Plano estratégico da IE University: bolsas, contratações e missão social
Em Madrid, a IE University anunciou uma expansão expressiva de investimentos em educação e pesquisa: neste curso, as bolsas de estudo serão dobradas para 50 milhões de euros, e a instituição planeja contratar mais de 200 docentes e pesquisadores em tempo integral nos próximos anos. A iniciativa busca ampliar o acesso, fortalecer a pesquisa e avançar rumo a um modelo de admissão que seja menos dependente da capacidade financeira, aproximando-se de padrões praticados por instituições norte-americanas como Harvard.
Manuel Muñiz, natural de León e aos 42 anos, é o reitor internacional da IE University. Formou-se em Direito pela Universidade Complutense, doutorou-se em Relações Internacionais em Oxford e tem mestrado em administração pública pela Kennedy School da Harvard University. A IE, que atua entre Segovia e Madrid, pretende consolidar uma visão de universidade que premia mérito e inclusão, sustentando um plano de crescimento que acompanhará a evolução da instituição desde a sua fundação, em 2008.
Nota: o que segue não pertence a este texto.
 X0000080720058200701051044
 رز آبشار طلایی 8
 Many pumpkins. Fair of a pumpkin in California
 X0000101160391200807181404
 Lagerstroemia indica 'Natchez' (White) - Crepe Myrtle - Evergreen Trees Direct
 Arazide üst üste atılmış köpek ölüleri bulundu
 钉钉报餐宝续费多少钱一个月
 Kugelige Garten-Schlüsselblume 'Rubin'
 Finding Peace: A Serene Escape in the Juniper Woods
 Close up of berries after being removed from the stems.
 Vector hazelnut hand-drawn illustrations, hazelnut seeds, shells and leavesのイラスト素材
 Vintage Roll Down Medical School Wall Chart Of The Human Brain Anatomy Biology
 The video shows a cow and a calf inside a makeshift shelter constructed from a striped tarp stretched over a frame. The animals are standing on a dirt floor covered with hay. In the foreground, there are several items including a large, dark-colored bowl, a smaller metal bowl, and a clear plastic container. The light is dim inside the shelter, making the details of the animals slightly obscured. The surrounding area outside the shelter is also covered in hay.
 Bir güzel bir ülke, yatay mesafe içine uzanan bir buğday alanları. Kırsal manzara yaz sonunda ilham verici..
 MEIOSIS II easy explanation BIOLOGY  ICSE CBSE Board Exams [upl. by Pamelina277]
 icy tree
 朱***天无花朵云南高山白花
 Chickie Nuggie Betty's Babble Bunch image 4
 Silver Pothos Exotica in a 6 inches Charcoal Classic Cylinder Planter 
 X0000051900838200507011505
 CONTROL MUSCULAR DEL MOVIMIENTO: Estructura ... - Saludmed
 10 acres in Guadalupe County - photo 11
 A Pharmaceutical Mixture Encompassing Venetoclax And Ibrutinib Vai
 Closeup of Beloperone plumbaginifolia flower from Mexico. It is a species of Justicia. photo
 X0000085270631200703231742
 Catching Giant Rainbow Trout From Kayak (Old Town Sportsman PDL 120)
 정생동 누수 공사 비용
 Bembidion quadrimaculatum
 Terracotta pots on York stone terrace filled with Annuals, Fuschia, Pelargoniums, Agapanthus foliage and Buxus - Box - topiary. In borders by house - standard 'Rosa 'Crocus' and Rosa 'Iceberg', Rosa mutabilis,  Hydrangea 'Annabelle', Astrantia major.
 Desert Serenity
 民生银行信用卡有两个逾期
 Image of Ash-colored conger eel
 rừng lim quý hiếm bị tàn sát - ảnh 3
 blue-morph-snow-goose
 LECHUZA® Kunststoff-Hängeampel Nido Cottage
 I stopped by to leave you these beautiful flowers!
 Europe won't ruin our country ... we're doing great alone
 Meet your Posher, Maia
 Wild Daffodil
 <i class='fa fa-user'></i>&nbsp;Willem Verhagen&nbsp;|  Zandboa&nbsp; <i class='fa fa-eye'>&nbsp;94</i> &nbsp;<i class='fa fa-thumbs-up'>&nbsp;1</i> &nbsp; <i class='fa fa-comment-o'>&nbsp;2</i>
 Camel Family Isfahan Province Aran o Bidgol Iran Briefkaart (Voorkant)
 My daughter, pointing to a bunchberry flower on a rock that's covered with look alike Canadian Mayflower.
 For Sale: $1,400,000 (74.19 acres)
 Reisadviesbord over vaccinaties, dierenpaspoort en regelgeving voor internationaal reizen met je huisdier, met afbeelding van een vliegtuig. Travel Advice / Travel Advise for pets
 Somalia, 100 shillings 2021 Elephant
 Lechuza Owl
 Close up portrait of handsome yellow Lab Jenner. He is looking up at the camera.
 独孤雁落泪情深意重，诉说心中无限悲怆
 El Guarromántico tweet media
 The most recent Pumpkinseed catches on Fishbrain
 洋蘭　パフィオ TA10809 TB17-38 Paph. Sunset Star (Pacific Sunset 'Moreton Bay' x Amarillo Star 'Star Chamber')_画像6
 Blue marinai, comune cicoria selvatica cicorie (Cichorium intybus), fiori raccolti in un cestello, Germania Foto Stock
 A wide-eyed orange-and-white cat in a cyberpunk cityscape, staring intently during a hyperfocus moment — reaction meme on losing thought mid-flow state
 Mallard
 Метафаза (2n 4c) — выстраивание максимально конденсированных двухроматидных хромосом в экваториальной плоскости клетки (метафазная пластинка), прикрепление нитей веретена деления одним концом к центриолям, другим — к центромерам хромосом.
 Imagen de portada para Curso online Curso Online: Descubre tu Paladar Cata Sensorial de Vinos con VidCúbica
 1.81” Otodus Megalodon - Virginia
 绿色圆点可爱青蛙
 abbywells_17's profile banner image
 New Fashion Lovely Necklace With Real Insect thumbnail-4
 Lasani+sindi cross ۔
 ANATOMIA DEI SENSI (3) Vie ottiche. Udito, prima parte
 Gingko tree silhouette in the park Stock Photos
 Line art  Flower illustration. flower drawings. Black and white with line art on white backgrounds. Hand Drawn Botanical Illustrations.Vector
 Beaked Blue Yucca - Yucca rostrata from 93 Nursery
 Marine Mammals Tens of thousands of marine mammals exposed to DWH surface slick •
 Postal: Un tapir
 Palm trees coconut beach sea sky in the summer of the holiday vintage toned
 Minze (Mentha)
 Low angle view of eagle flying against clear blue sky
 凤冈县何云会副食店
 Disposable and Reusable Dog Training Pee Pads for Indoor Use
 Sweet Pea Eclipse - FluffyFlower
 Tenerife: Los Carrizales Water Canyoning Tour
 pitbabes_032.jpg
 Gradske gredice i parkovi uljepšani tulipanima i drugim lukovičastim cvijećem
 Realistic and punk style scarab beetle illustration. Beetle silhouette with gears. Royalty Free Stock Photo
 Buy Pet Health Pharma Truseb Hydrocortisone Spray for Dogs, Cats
O governo espanhol indicou que endureceria as condições para ser reconhecida como universidade, e a prática maioria das instituições privadas de prestígio preferiu não se manifestar. Muñiz, no entanto, afirma que a IE responde com fatos: dobrar as bolsas para 50 milhões de euros e planejar a contratação de mais de 200 docentes e pesquisadores em tempo integral, alinhando-se às exigências de qualidade contidas no decreto que regula os campus. A estratégia acompanha uma aposta por menos foco no custo imediato e maior compromisso com a educação e a pesquisa.
Pergunta: Por que duplicaram o orçamento para bolsas?
Muñiz: “É uma obrigação das instituições privadas prover bolsas para talentos que às vezes não podem arcar com o custo. Esperamos chegar a um modelo de admissão sem considerar a necessidade financeira, como nas universidades parceiras norte-americanas. A IE, ainda jovem, fundada em 2008, está dando passos nessa direção.”
Muñiz: “A principal vantagem não é apenas a atratividade financeira. A missão é melhorar o mundo por meio da educação. Se a instituição não mobiliza recursos para assistência financeira nesse montante, isso levanta questões sobre a função da universidade privada como aliada da educação.”
Muñiz: “Também estamos avaliando perfis de forma autônoma, mesmo sem que tenham solicitado a bolsa. Há casos em que os alunos recebem a surpresa de que a bolsa foi concedida. Trabalhamos com grandes fundos de bolsas e pedimos aos nossos parceiros que nos ajudem na difusão, alcançando redes locais e escolas para ampliar o alcance.”